Cautious Wealthy Investors Play Waiting Game

Cautious Wealthy Investors Play Waiting GameWealthy investors are pulling back from the markets because they fear the global financial crisis may not be over.

Despite policy makers like Ben Bernanke of the US Federal Reserve hinting that an economic turnaround is just around the corner, investors are cautious about buying.

None out of 10 high-net worth investors – those with at least $1m in disposable cash – say they can see opportunities, but just over two-thirds believe the risk of price falls is too much of a clear and present danger to encourage them to buy.

Only 28% told Barclays Bank, which compiled the report, that they would increase their portfolios over the next 12 months.

“This caution is repeated worldwide by wealthy investors,” said a Barclays spokesman.

Straightforward investments

“These investors have seen the volatility in the markets and do not have the confidence to start buying again just yet.”

Most wealthy investors are simply playing a waiting game to see how the world economy pans out, said the bank.

They understand that policy-makers are talking up the prospects of recovery, but 58% confirmed they will make no changes to domestic stocks, while 65% will not alter their exposure to hedge funds.

The bank argues that wealthy investors do not want to move in case they regret making changes.

“Most feel they want more information.

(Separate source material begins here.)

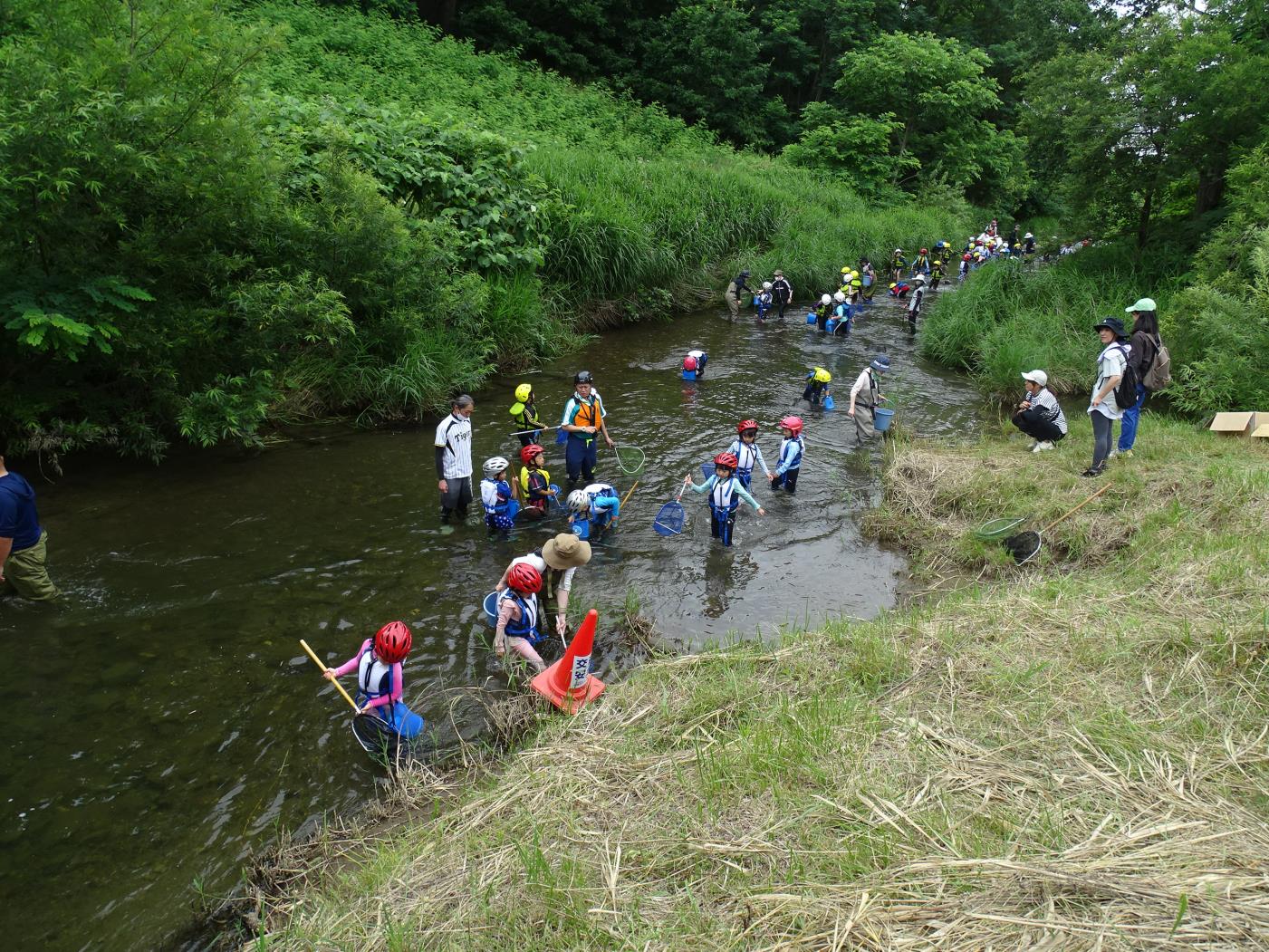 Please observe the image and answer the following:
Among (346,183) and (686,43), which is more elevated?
(686,43)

They want simple decisions and no complications. More than 50% said they will only invest in markets they know and understand,” said a spokesman.

Fear of risk

Investors that are buying are sticking to simple purchases, like property, cash and government bonds because they feel these offer less risk and greater security.

“They perceive complicated financial products played a major role in undermining the markets in the lead up to global recession and the banking crisis,” said the spokesman. “They do not want to get involved in the same problems again.

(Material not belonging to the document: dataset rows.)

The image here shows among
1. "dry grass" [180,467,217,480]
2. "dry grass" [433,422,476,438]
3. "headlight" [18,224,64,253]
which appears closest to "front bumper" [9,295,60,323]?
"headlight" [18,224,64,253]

“Mistrust and concern over how central banks and governments handled the crisis are key factors in why the wealthy are not investing,” said the spokesman.

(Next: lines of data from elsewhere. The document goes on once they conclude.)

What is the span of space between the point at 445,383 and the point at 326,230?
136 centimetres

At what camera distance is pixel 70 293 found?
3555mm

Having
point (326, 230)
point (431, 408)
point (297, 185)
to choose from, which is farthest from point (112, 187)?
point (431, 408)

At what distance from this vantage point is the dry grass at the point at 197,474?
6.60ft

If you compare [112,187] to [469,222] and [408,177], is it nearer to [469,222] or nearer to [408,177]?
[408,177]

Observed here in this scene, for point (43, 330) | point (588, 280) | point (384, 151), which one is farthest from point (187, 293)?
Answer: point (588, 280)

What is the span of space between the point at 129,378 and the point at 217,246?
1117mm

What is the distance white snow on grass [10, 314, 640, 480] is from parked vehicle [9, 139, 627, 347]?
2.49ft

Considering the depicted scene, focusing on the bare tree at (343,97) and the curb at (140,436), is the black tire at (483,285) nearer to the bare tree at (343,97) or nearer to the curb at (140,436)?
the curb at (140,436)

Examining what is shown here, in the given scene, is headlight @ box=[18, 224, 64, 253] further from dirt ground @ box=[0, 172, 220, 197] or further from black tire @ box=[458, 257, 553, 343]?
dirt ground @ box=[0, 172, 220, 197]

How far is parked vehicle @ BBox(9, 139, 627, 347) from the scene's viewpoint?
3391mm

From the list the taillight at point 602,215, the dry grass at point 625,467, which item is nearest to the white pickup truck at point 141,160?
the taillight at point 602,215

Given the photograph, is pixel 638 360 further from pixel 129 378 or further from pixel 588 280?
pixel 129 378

The report revealed investors from India, Spain and Hong Kong have poor opinions about how the financial crisis was managed, while only a third of wealthy investors in the US feel President Obama has come through the economic difficulties with credit.

Top of the agenda for many of the wealthy, says the bank, is the quality of information coming from financial providers that sets out clearly what risk and returns to expect.